Posted: 11:41 AM, Jan 12, 2016
Updated: 2016-01-12 11:41:00-05

Terry Forsberg spent most of his career building roads and installing underground utilities.

His construction company T.A. Forsberg, Inc., widened U.S. 127 north of Lake Lansing Road and did the utilities and grading for the Grand Traverse Resort in Traverse City.

He would later switch his focus to housing development, eventually building roughly 1,000 homes in Greater Lansing, including Ponderosa Estate in Okemos, Dimondale Estates in Dimondale and Upton Woods in Grand Ledge.

"What he did was what America was all about," said his son Ken Forsberg. "He started out with little to nothing and, through hard work, he made a better life for himself."

Forsberg, of Okemos, died on Dec. 23 of congenital heart failure. He was 86.

Forsberg grew up on a potato farm near Tustin in Osceola County. After graduating high school, he sold magazines across the country. In 1950, he married Beulah Strayer from Williamston and settled in the Lansing area.

"He was a ball of energy," said his grandson Brent Forsberg, president of T.A. Forsberg. "If he was awake, he was always doing something. Even getting toward retirement in his 70s, he was trying to invent construction equipment and writing songs."

Forsberg started his construction business in the early 1950s after helping his brothers, Bob and Jay, build homes in the Lansing area. In the late 1950s, he built a ready mix concrete plant on Sunset Avenue to sell to other builders. Some of the sidewalks on Michigan Avenue still bear a stamp of his name.

In the 1960s, the company won contracts from the Michigan Department of Transportation to widen and pave highways.

While working on underground utilities, Forsberg decided to commercially produce trench boxes, which prevent cave-ins and worker deaths. During the '60s and '70s, most trench boxes were built on the job, then disposed of. In 1971, he started Efficiency Production, Inc., which is now headquartered in Mason and sells trench boxes in the U.S., Canada, Europe and Australia.

"He took it to the next level," Ken Forsberg said, who is president and CEO of Efficiency Production. "This helps keep workers safe and drives the cost down. My dad was always thinking about cutting costs and finding more ways to increase production."

During the recession in the 1980s, Forsberg started working in Florida with Richard Wendorf and Ronald Judson, creating T.A. Forsberg of Florida.

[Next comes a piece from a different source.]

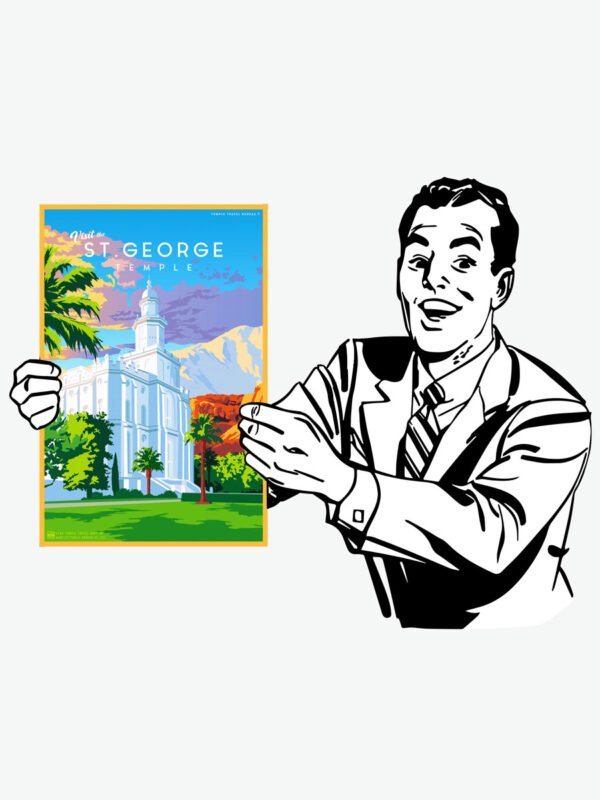 Stgeorge Utah Temple Poster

He was also president of the Michigan Road Builders Association in 1990.

In the 1990s, Forsberg decided construction was becoming too demanding for him, his son said.

So he turned to housing.

"He was good to work with," Brent Forsberg said. "He was gruff and loud, but he had a heart of gold."

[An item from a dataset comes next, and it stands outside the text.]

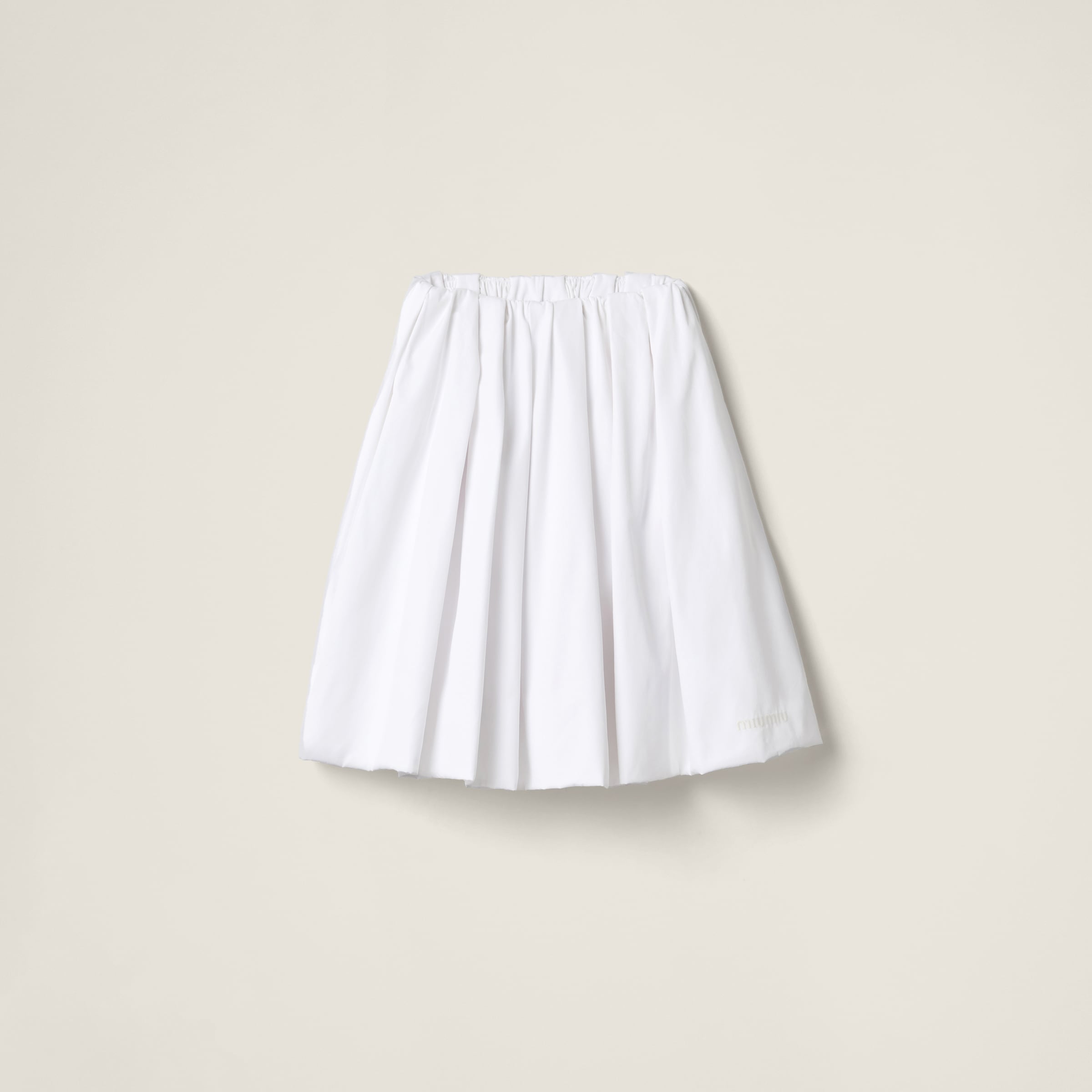 Poplin and jersey skirt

He said his grandfather learned compassion from his time selling magazines.

"That's where he learned how to talk with people and that people are good," he said.

One of Brent Forsberg's favorite stories is how his grandfather saw a competitor's truck stuck on the side of the road, about to tip, which could have meant losing tens of thousands of dollars of materials. Forsberg took his truck and braced the competitor's truck until it could be towed out. He was also known for helping employees in times of need, once giving money to keep an employee's home out of foreclosure.

"He was always helping people," Brent Forsberg said. "He had a lot of people who worked for him for their entire careers. They were very loyal to him and he was extremely fair."

Paul Felzke of DeWitt was friends with Terry Forsberg for 40 years and worked with him once on a subdivision in DeWitt.

"He had a lot of ambition to get up and go and do what he wanted," Felzke said. "He was a good friend and a nice gentleman to work with.